Ever wonder why a pizza made in your home oven doesn't taste as good as one made in a brick oven? You're not the only one. Some researchers think they've figured it out:

The fact that you need a vaulted brick oven to bake a great Italian-style pizza is well-known, but Glatz and Andrey Varlamov, also a pizza-eater and physicist at the Institute of Superconductors, Oxides and Other Innovative Materials and Devices in Rome, wanted to know why. The secret behind a pizzeria's magic, they concluded in a paper published on arXiv.org last month, is in some unique thermal properties of the brick oven.

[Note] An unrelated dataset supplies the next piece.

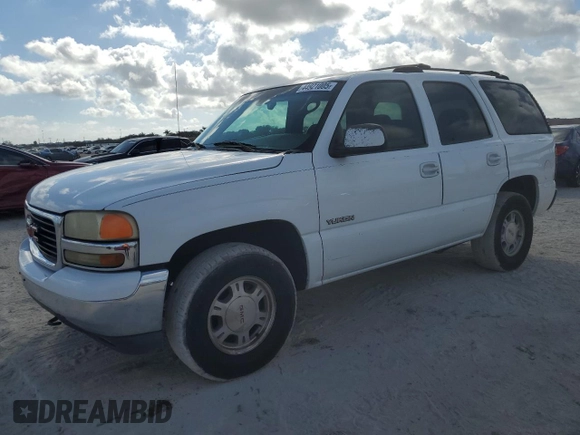2002 GMC Yukon SLT with VIN 1GKEC13V12R196673, listed as a Copart auction lot 44921005 with 217,403 mi miles and Salvage Title. Bid and sale history available at carsss.com. Image 1.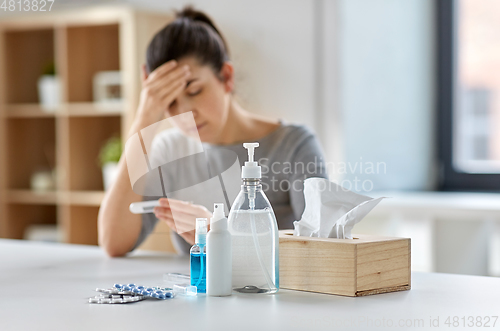 Image of medicines and sick woman with thermometer at home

They started off interviewing pizzaiolos, or pizza makers, in Rome who were masters of the Roman style of pizza. For this, the bake lasts 2 minutes at 626 degrees Fahrenheit. (Neapolitan pizzas usually bake at an even higher temperature — at least 700 degrees.) That turns out a "well-baked but still moist dough and well-cooked toppings," Glatz says. The same settings in a conventional steel oven produce far less ideal results. "You burn the dough before the surface of the pizza even reaches boiling, so this is not a product you will want to eat," he says.

The story goes on to note that the temperature conductivity of a metal oven is much greater than a brick oven, leading to burning of the crust. Adjusting with a lower temperature fails as it then leaves a dried-out crust and toppings. Accommodations with a pizza stone, oil, and a broiler can help, but cannot entirely mitigate the difference.

If you're hungry, and in a hurry, it looks like the brick-oven pizzas can be prepared much more quickly, too.

When I was in college the original Battlestar Galactica television series came out. We would gather in an upperclassman's dorm room and watch the show on a 13-inch TV. This was followed immediately by a trip to the local Rathskeller and an order for what we called a "death star" pizza... "double loaded extra everything, no guppies" (i.e. anchovies). That and a couple of pitchers of beer was a fine way to wrap up a Sunday.

What are your favorite toppings? Alternatively, are there any toppings you think should never be put on a pizza (such as pineapple)?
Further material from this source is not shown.